Eski ETO Başkanı Cemalettin Sarar: Zafer Bey vallahi sen dört yıl önce o saat olayından nasıl yırttın, aklım almıyor.

Eski Ekonomi Bakanı Zafer Çağlayan: Cemalettin Bey, niye yırtayım ki? Benim Reza'dan aldığım saatin parasını ödediğimi kanıtlayan kapı gibi peçetem vardı(!)

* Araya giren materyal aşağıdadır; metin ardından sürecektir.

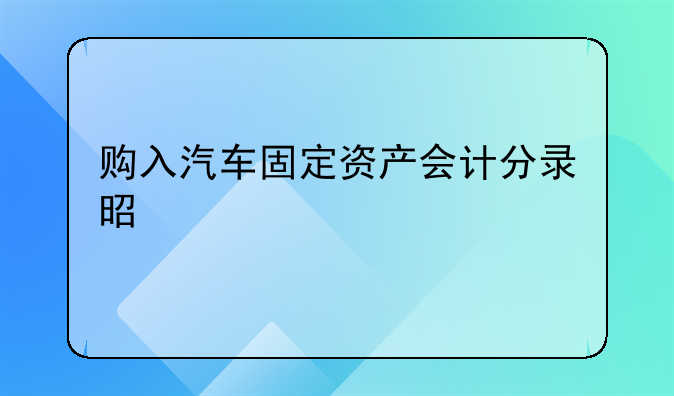 購入汽車固定資產(chǎn)會計分錄是什么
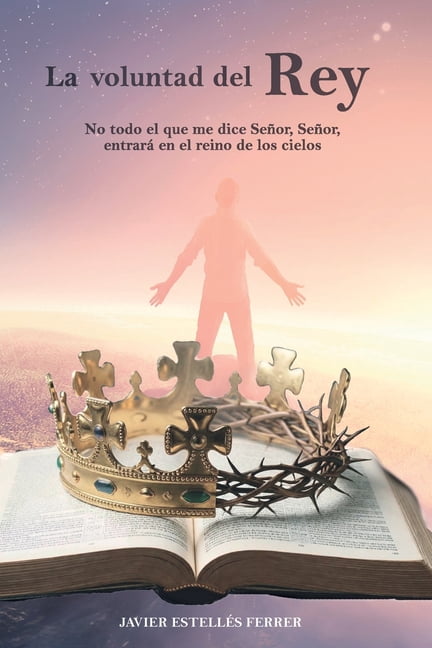 La voluntad del Rey: No todo el que me dice SeÃ±or, SeÃ±or, entrarÃ¡ en el reino de los cielos, (Paperback)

Eski ETO Meclis Başkanı Alaattin Çam: Zafer Bey, bizde artık müşterilerimize fatura vermek yerine peçete yazıp verelim. Hem mahkemede sağlam kanıt olur. Hem de vergi de ödememiş oluruz.



*****

FIKRA

UÇAĞIN ARKA TARAFI


New York seferi yapmak için uçağa binen güzel sarışın firstclass koltuğa oturur, bilet kontrolünde hostes yerinin arkada ekonomik sınıfta olduğunu söyler. Sarışın buna itiraz eder ve sinirli bir edayla ben güzelim sarışınım istediğim yere otururum der. Hostes başa çıkamayınca kaptana haber verir, kaptan gelir ve sarışının kulağına bir şeyler fısıldar. Bunun üzerine sarışın kalkar ve arkada bir yere oturur, hostes hayretle kaptana sorar: 'Efendim ne söylediniz kulağına' kaptan, uçağın sadece arka tarafının New York'a gittiğini söyledim der.